Ravindra Jadeja 'hadn't felt the sun for about five months'
India spinner talks about his recovery from a serious knee injury last August that eventually needed surgery
Ravindra Jadeja "hadn't felt the sun for about five months" during his long recovery from a knee injury and surgery that had sidelined him since August last year, a period that he said was "tough" and "frustrating".
Jadeja returned to action just in time for the Border-Gavaskar Trophy against Australia, which begins on February 9 in Nagpur, successfully testing his fitness in a Ranji Trophy game for Saurashtra. He bowled 41.1 overs against Tamil Nadu and took eight wickets, including a seven-for, and made scores of 15 and 25.
"When I went to the ground on the first day, it felt weird," Jadeja told BCCI.tv. "I hadn't felt the sun for about five months because I was training indoors and in the gym. I wondered if my body would sustain 90 overs out in the sun on the first day.
"The first day was very tough, especially in the Chennai heat. But my body got used to it eventually on day 2 and 3. Then I felt that I was fit, and I could play four-day or five-day cricket. That game went well, and I picked up wickets, too. A player needs such confidence ahead of a big series, and luckily I got that. I feel good about coming back after preparation, and touchwood, whatever happens hereon will be good."
Jadeja injured his right knee during the Asia Cup last August, and said he had to take a decision on when to have surgery.
"I was struggling with my knees and had to get a surgery done. I had to take a decision whether I had to do it before the [T20] World Cup or after the World Cup," he said. "The doctor suggested I get it done before the World Cup because even if I had not got it operated, chances of me playing in the World Cup was very less. So I made up my mind and went under the knife."
Jadeja: 'The two months after injury was very tough'
Jadeja had surgery in early September, and said his recovery period was "a bit up and down," as he missed the T20 World Cup and all of India's subsequent fixtures.
"It is frustrating to be away from cricket for five months, and I was waiting eagerly to get fit and play for India," he said. "The period after surgery was tough - I had to undergo a lengthy rehab and training.

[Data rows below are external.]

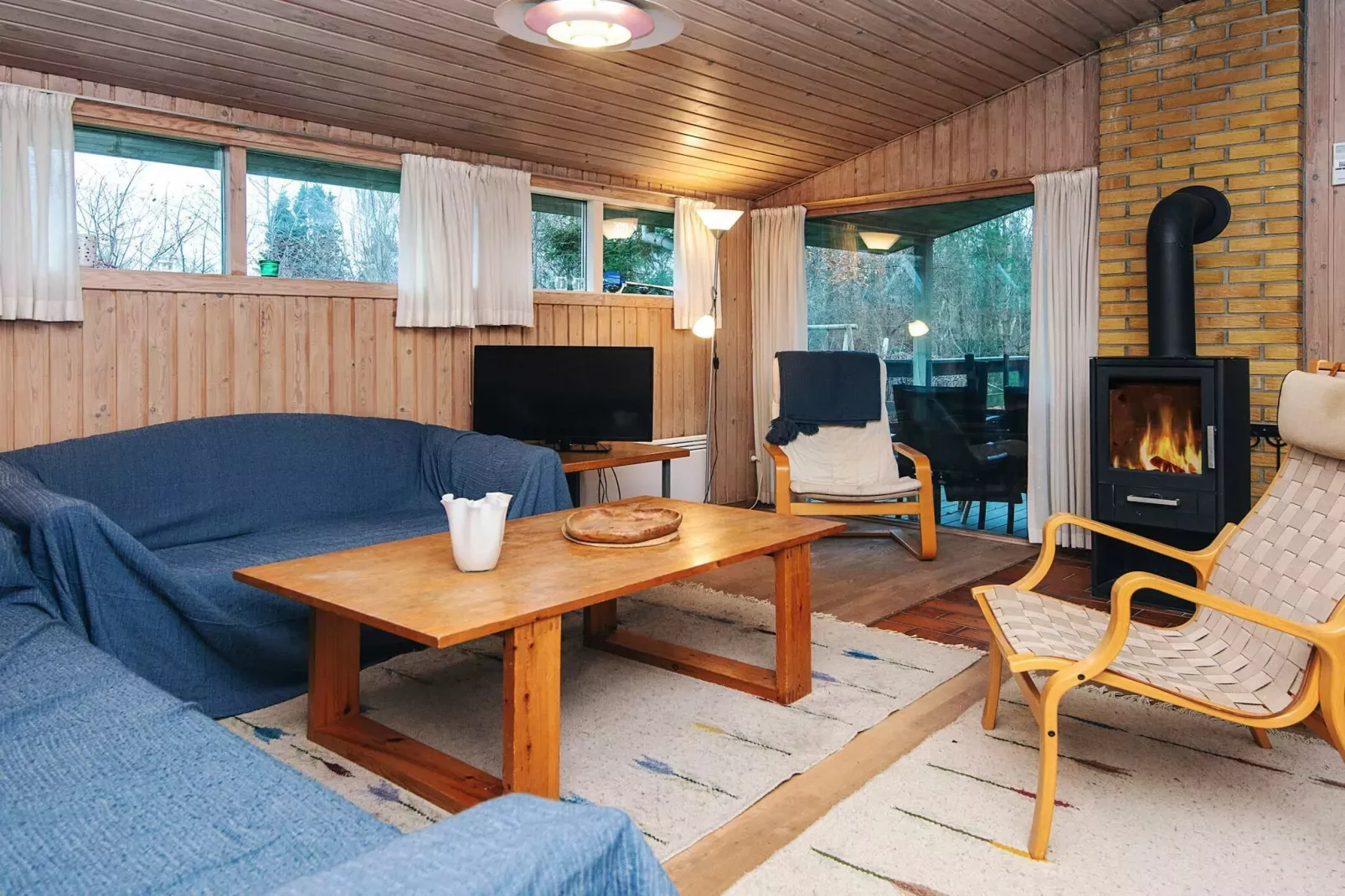 6 person holiday home in Glesborg-By Traum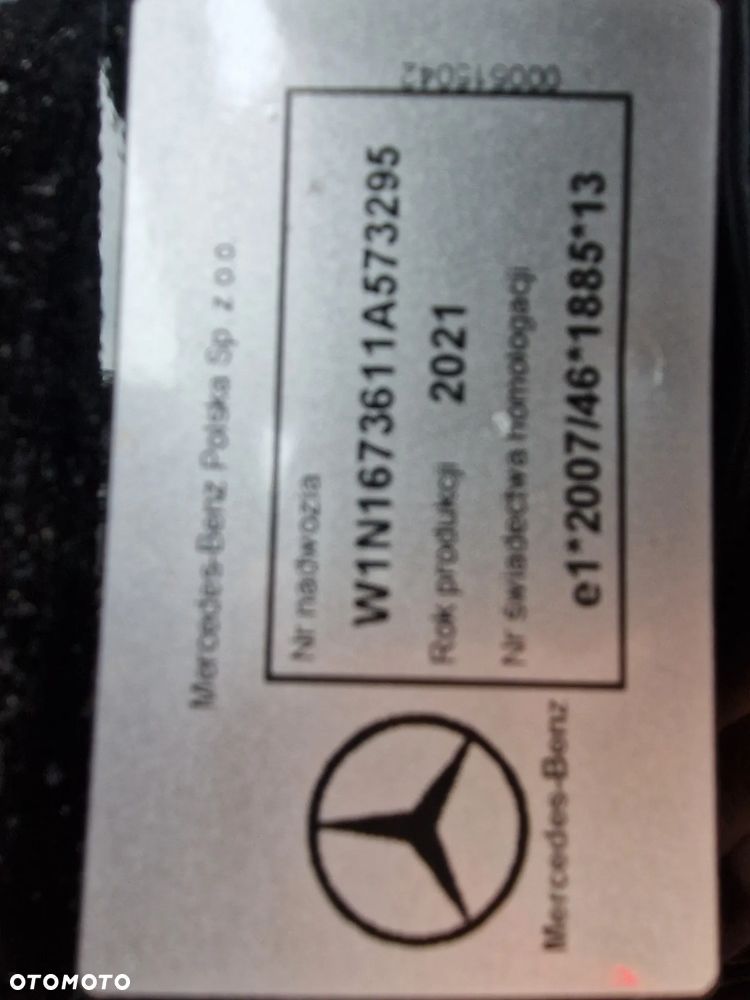 Mercedes-Benz GLE AMG 53 4-Matic - 11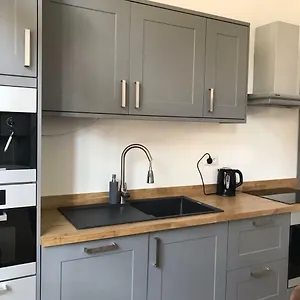  Appartement Le Mont Joly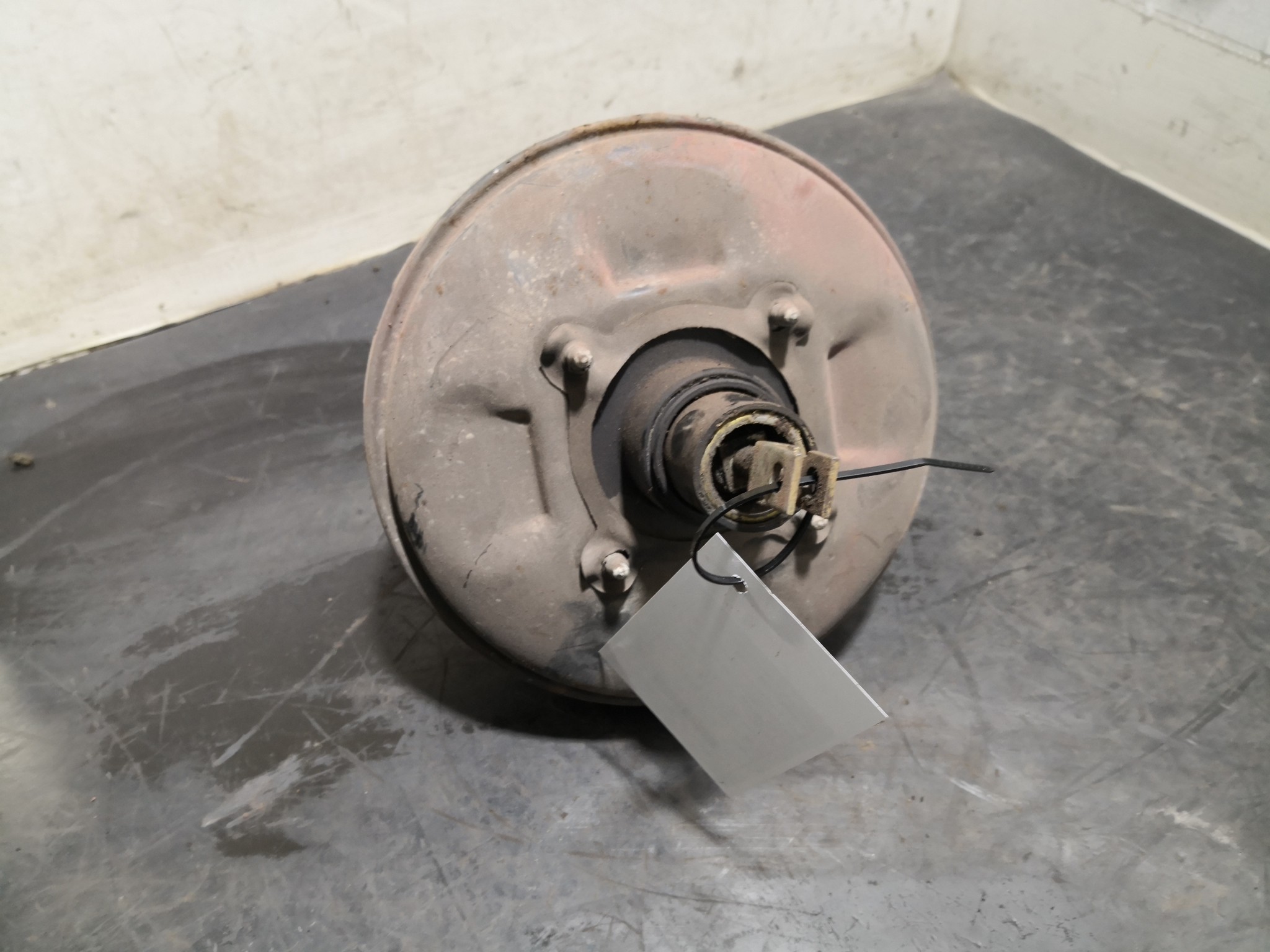 Servofreio  CITROEN - ID S_33144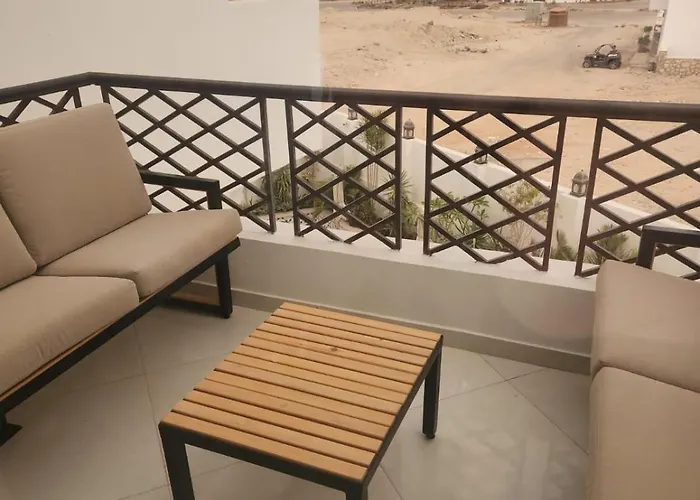 Arabian By Imperial 1 Bed *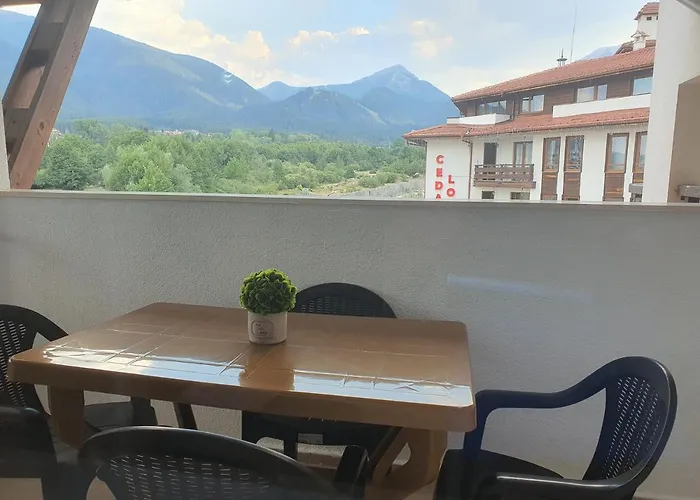 Family Vyani Apartmán *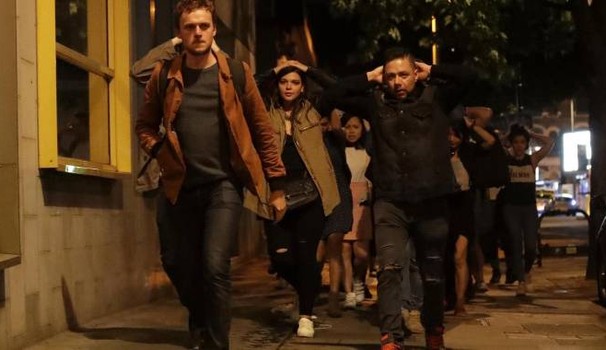 Londra: rilasciate tutte e 10 le persone detenute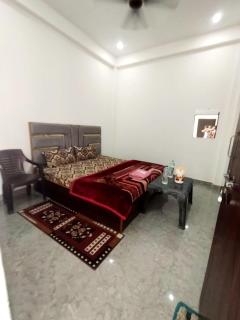 Hotel The A&V Palace Near Ramjanambhoomi - Ayodhya Dham Junction Railway Station - Ayodhya - 7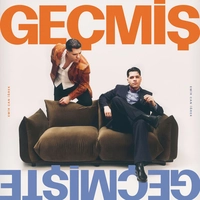 امیر جان ایگرک Gecmis Gecmiste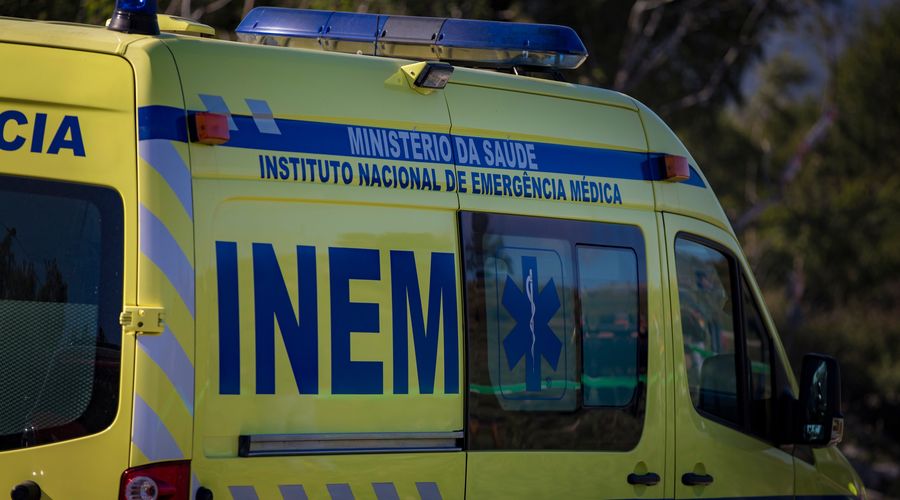 Portekiz: Hastanelerin kadın doğum servisleri kapandı, ambulanslarda gerçekleşen doğumlar arttı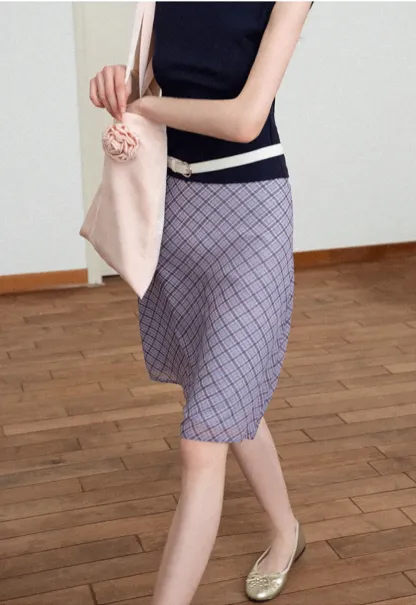 Smooth Textured Canvas Tote Bag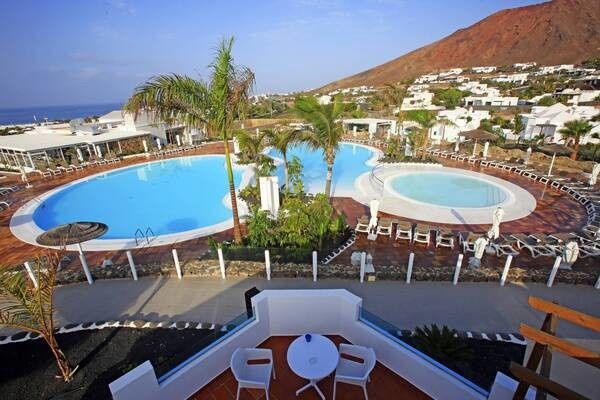 Hôtel BLUESEA Alyssa Suites 4* (ex Labranda) pas cher photo 2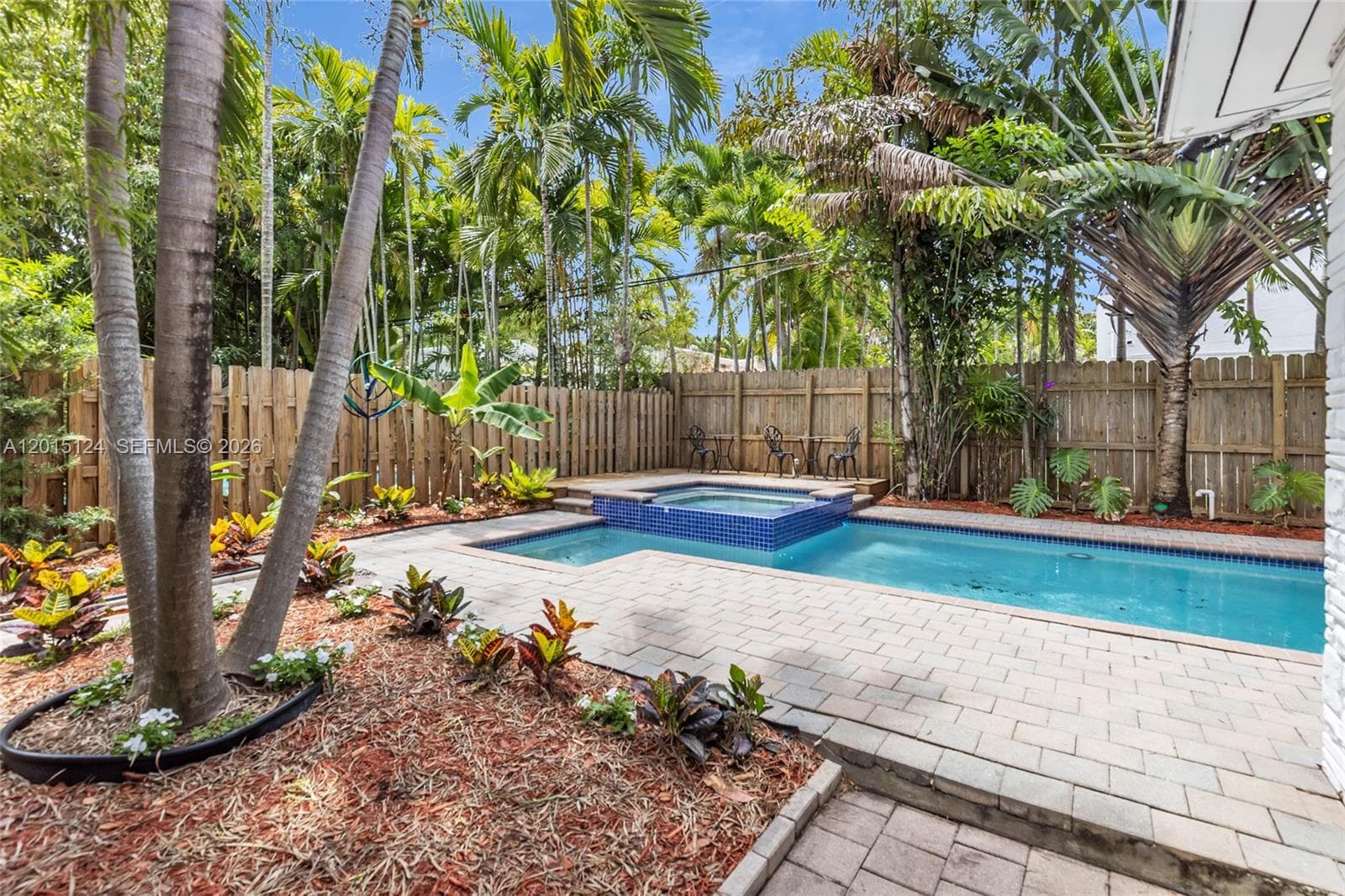 634 NE 72nd Ter, Miami FL 33138 — 32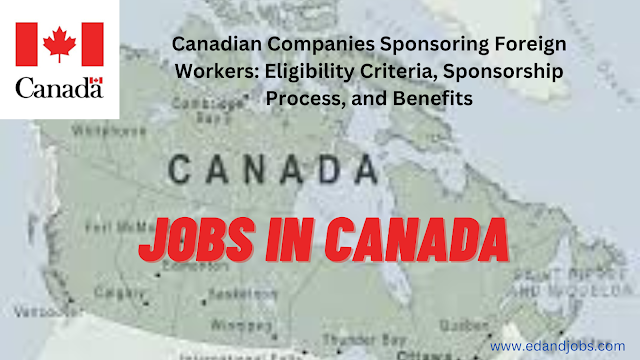 Canada Jobs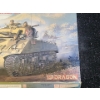 Image 3 : Sherman VC 'Firefly' 1:35 Dragon Model Kit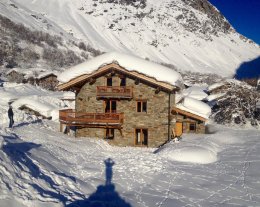 Le Chalet d'Emile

There were thoughts about when I will get fit.
"When you watch matches on TV, I was imagining myself there and realising what I was missing and wished I was there. Those things, though, motivate you to get fit quicker by undergoing rehab and training, strengthen my knees and make a comeback."
Jadeja spent a lot of time at the National Cricket Academy in Bengaluru, where he underwent most of his rehab. "The physios and trainers at NCA worked a lot on my knees, and gave me enough time. NCA used to be shut on Sundays but they used to come down for me and especially help me out.
"I used to shuttle between the NCA [Bengaluru] and home [Rajkot] every two-three weeks to keep my mind fresh and help me recover soon. But the two months after injury was very tough, because I was unable to walk and neither could go anywhere. My friends and family helped me in that critical phase.
"In fact, the trainers at NCA also boosted my confidence. Whenever I used to complain about the pain and put it off, they used to tell me, 'Do it for the country, not for you'. I felt good that they were very serious about my knee and wanted me to get back on the field soon."
Jadeja is now poised to made his comeback for India in the first Test against Australia, where he could line up alongside R Ashwin and Axar Patel if India choose to play three spinners in Nagpur.